Other Cute Sneaker Options for your Tuesday:

New Balance 574 - Ahhh these colors, though!! Literally my kitchen - but on a shoe. I could look at all of the different vintage-feeling New Balances for hours and still want more!
Nike Elite Shinsen - So old school it's insane
Nike Air Max 1 Ultra - Available in a bajillion colors but I'm especially digging the plum. It just reminds me of something delightfully 80s and super girly all at once. 
Nike Juvenate - These have turquoise polka-dots on them. This is not a drill.

Happy Sneaker-Hunting!
xoxo
A+J


Monday, January 25, 2016

the one about a pup named {Huck}

Elise Orlowski Photography
Three months ago, this little fella came into our lives. We have learned lots of things since getting our Olde English Bulldogge -- but here are 10 of the most important.

1. There's no time to {pee} like the present -- House-training puppies is not for the faint of heart. Waking up in the middle of the night, taking him out right after he wakes up (after napping approximately every single hour), learning that barking gleefully is actually a strangled cry for emergen-pee, stopping every conversation with house-guests 10 times per hour to let pup out, clean up pee, or exclaim, "PLEASE! NOOOOO! JUST HOLD IT....aw, dangit."...and clean it up all over again.  

2. One man's trash, another {canine's} treasure -- Toys are fun, bottles are significantly MORE fun. Probably because they seem like something forbidden to the little terror. At one point in young Huck's life, he was up to at least 5 different size plastic bottles scattered around the house. He continues to sneak into the pantry, steal bottles, and trot out like he has conquered his own personal Everest. 

3. Snoring with your eyes open confuses the humans -- So does grunting like a little piggy. 



4. Who's your Alpha? -- Playing Who's the Boss? with your 11 week old puppy is a lot less exciting than it seems and you find yourself googling Cesar Milan tips and pinning puppy training tricks for a solid couple of hours per week. Eventually, he looks at you with those sad puppy dog eyes and you have to pin him down in spite of yourself.   

Huck thinks he owns the place. Specifically, my cozy, birthday fort.
5. I found the friendly New Englanders -- Usually, Bostonians follow a strict, "Don't-Smile / Don't Wave" policy when walking down the street. But ever since we've gotten Huck, all of that has gone out the window. People smile, girls shriek, and everyone reaches out their hands for a pet, snuggle, and tummy-rub. It's the weirdest, most delightful way to make friends I've ever experienced. I'm savoring my pup-ularity for as long as it lasts. 

6. The Case of the Pink Sock -- Three days ago, I lost a pink sock. Today, we thought Huck vomited  up an internal organ. And then, we realized it looked remarkably like polyester. Five minutes after sanitizing the fake-organ, Huck pranced in the room with a blue sock in his mouth.

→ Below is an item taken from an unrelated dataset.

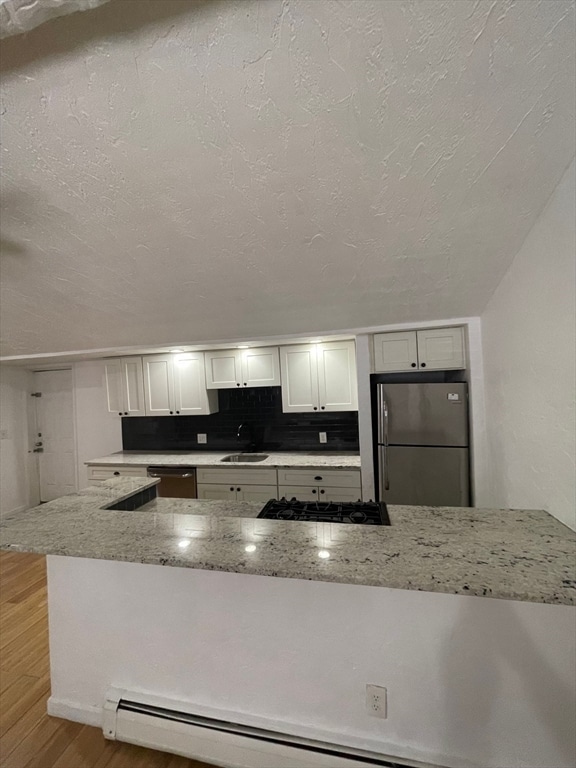 Building Photo - 241 Maverick St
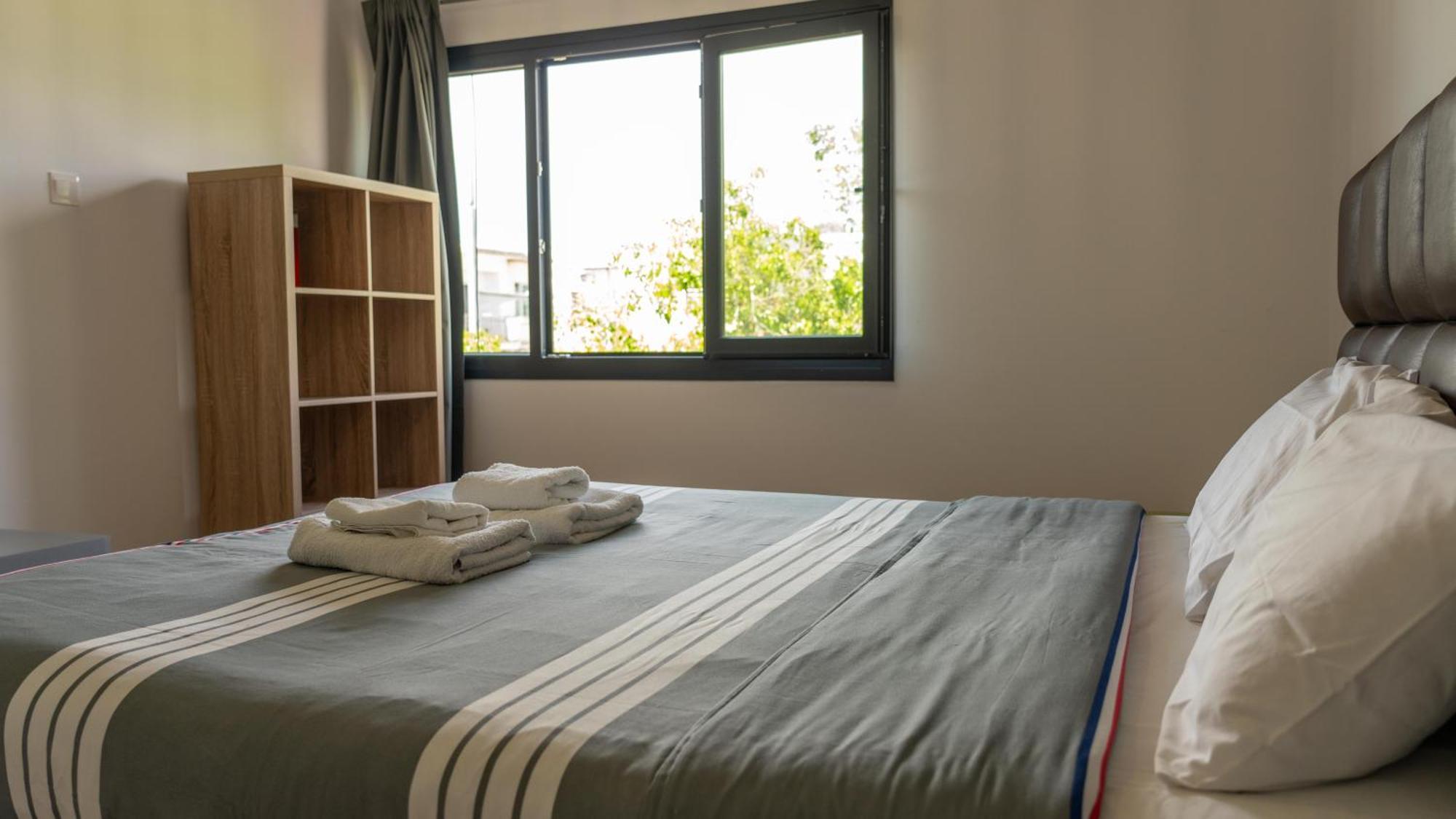 Papadavid Apartments Paphos Exteriör bild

We are currently accepting Sock-Rehab Center recommendations. 

7. No lap is too small for a ever-growing, snuggle-loving bulldog -- Huck's face describes exactly how you feel when your mother has the audacity to suggest you're getting too big for her lap. 

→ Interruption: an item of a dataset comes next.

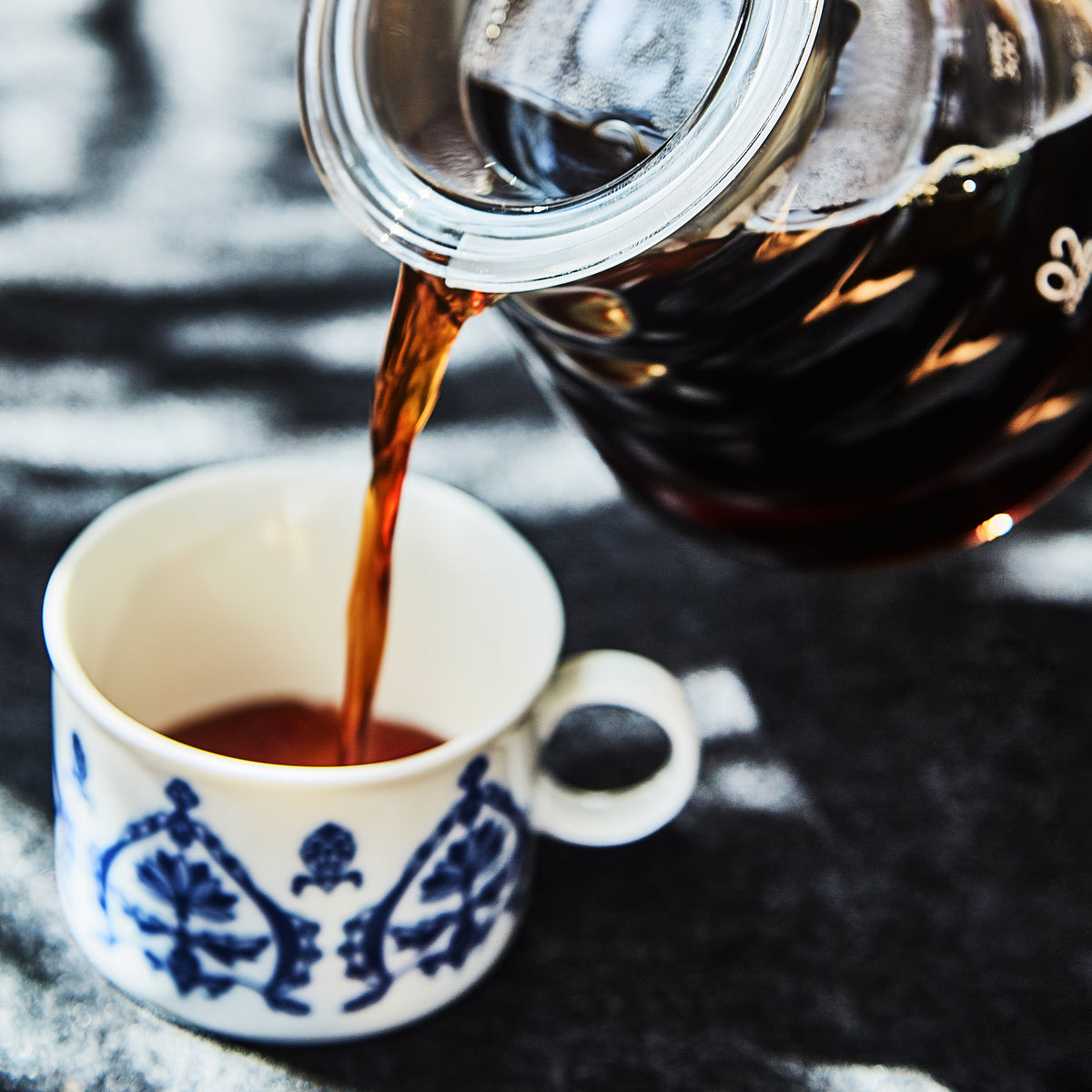 Hario Kaffeekanne mit Kaffeetasse
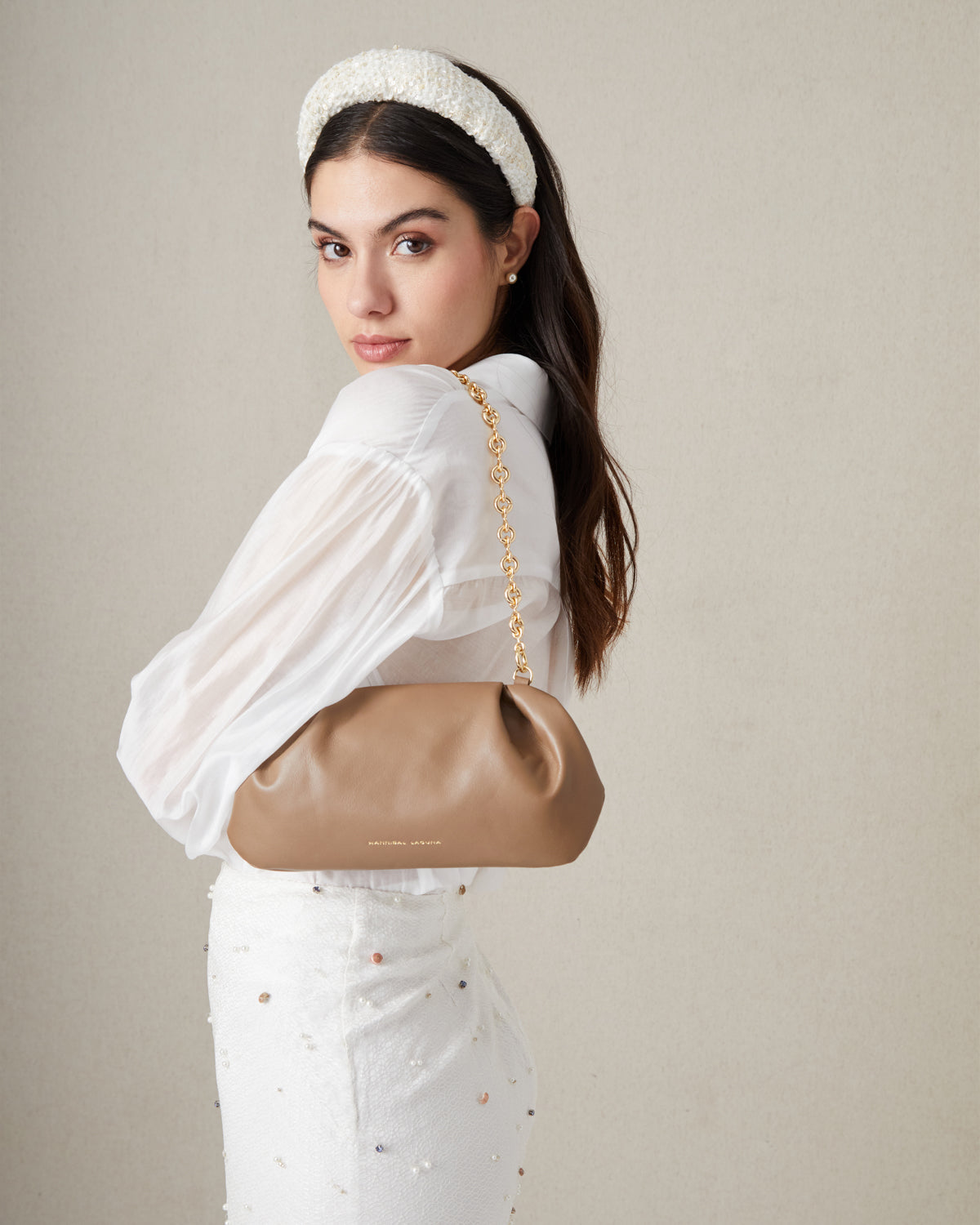 BOLSO PEQUEÑO CADENA DORADA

8. If you can take your baby, I can take my puppy -- I smuggled Huck into Target. There, I said it. No regrets. 


9. It Takes a Village -- Letting a dog out every four hours is HARD. How do people with normal jobs have puppies?!! Thank goodness for friends, college students, and neighbors who have a love for you (or maybe just your freckled-nose bullie) that is completely undeserved. 

10. Puppy Paws, Wiggle-Bottoms, and Sad Eyes -- It's been a tough few months for the Ghoman family, and although puppies don't make everything better - they certainly make most things better and all things more bearable. Thanks for making our hearts happy and our home more messy, Hucklebaby. We're glad we get to keep you.